The unemployment numbers just released are good–they are not great because of some of the underlying factors. Investor’s Business Daily reported that in April the unemployment rate dropped to 3.9 percent. That is good news, but there are some other numbers that are cause for concern.
The article at Investor’s Business Daily reports:
Since Trump took office, the economy has added a total of 2.7 million jobs, and since his tax cuts took effect we’ve seen an average 200,000 new jobs each month. Initial jobless claims are at decades long lows as well.
That’s unquestionably good news.
The report also finds, however, that wages rose slightly less than expected in April — with hourly earnings climbing at a 2.6% annualized rate.
…According to the Census household survey, the biggest contribution to the drop in the unemployment rate wasn’t people getting jobs — that survey registered a gain of just 3,000 in April. It’s due mainly to the fact that 410,000 dropped out of the labor force — and no longer count as unemployed.
The article cites some figures explaining changes in the Workforce Participation Rate in various age groups:
The labor force participation rate in Dec. 2000 was 67%. Today it is just 62.8%.
The employment-to-population ratio then was 64.4%. Now it’s 60.3%.

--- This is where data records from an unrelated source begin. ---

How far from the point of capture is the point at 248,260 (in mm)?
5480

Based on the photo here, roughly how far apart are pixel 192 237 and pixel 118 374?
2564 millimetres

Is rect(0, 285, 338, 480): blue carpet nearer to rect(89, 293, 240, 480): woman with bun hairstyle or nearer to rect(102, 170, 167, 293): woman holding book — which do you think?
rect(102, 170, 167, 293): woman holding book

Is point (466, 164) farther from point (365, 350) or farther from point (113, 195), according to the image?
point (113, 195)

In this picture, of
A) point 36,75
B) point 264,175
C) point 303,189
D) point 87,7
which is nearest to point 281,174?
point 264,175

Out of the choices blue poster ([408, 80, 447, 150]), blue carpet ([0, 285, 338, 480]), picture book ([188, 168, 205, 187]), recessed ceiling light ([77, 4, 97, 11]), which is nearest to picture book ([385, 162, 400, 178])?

The population not in the labor force — they don’t have jobs and aren’t looking — has climbed a stunning 25.3 million over those years.
Think about it this way. If the labor force participation rate were the same today as it was in December 2000, the unemployment rate wouldn’t be 3.9%. It would be 10%!
Yes, many who’ve left the labor force over the past 18 years are baby boomers entering retirement. But that doesn’t come close to explaining the massive increase in labor dropouts.
For example, the labor force participation rate among 20- to 24-year-olds was 78% in December 2000. It’s just 71% today. For those 25-34 years old, the rate declined from 85% to 83%.
In contrast, among those 55 and older, the participation rate increased — going from 33% in December 2000 to 40% now.
From my perspective, there are a number of reasons for this change–the federal government has made not working too comfortable. Our safety net has gotten too comfortable for many people, creating multi-generational welfare recipients. We did go through a recession after the housing bubble burst, but we are coming out of that now, and it is time for people to resume their job searches. Another reason for the fact that the workforce participation rate is so low might be that we are graduating students from college with no marketable skills or with the idea that since they just graduated, they can start their careers at the top of the corporate ladder. Some of these graduates refuse to look for jobs outside of their chosen degree field or refuse to begin any place other than at the top. There is also the matter of whatever work ethic students may or may not have learned in college.
The economy is looking better, but we have a long way to go before we can be considered actually prosperous–we need to deal with the debt and we need to shrink government drastically.